Where SEER Goes Wrong?
We use a Seasonal Energy Efficiency Ratio to get a vague idea of how well a system performs, but what if the test is rigged? A few years ago, word came out that several major manufacturers had been cheating on their emissions testing. What if the same problem goes on in the HVAC world?
An Old Standard
In the United States, there was no legislation on SEER until the late 1980s. It didn’t take effect until the 90s. That’s a good thirty years or so for the world to change. The testing for SEER is done at 80 Degrees indoor temperature, against a variety of outdoor temperatures up to 105 degrees. That sounds like a balanced test, but it has its flaws.
The test results are weighted, giving more value to a milder summer, with a focus to highs in the 80s and lower humidity. We don’t necessarily experience such results today. We might hit highs in the 90s in much of the US, have higher humidity, and often want our thermostats set in the 70s.
These testing conditions are even more out of line for places like Arizona, where the 105 degree day is the standard experience. The SEER gives you a great comparison between machines, but it doesn’t give you a true picture of what to expect on your bill.
Loss of Performance
There are also concerns that the testing doesn’t truly cover how the changes in temperature impact the system. It’s easy enough for a system to hit 80 degrees output temperature in a 90 degree environment, but as the temperature climbs, power draw increases dramatically.
Consider that a car can go 5 miles an hour while basically idling. It’s easy enough to get to 50 miles per hour. Going 60 or 70 though, starts to produce a strain. You have to give it significantly more gas to go from 50 to 60 than you did to go from 5 to 10. There is some of the same logic applied to an air conditioner.

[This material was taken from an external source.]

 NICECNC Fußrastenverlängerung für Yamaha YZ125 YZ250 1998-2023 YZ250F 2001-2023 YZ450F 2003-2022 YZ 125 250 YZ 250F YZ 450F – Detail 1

The compressor and the various fans and blowers have to work harder to achieve the same cooling in a hotter environment. The increased power draw can be exponential as motors spin faster and faster, potentially operating outside their ideal running points.
There are further flaws where a manufacturer can improve the results. The standard doesn’t specify what filters must be used for the test. There are ways to increase or decrease air flow in the system as tested versus how it’s actually used in the real world.
What Does This Mean?
The standards testing we do isn’t rigged, but it is really optimistic. We are more efficient today than we were last year. You can compare the efficiency of two units and the comparison will generally be correct. The energy consumption however, is probably unrealistically low. The sticker may say $500 for the entire summer or even $1000, but most localities won’t match the testing conditions. Most installed systems won’t have a chance to reach the peaks seen by the test systems due to variances in ducting, filter choices, and climate.
The SEER is useful for comparison shopping, but its’ not the be-all and end-all of what system you should actually install. The minimum value for SEER is increased frequently, with manufacturers and legislatures bumping it up every few years as technology improves. You just have to remember to take it with a grain of salt. In the real world, your numbers probably won’t match the paperwork.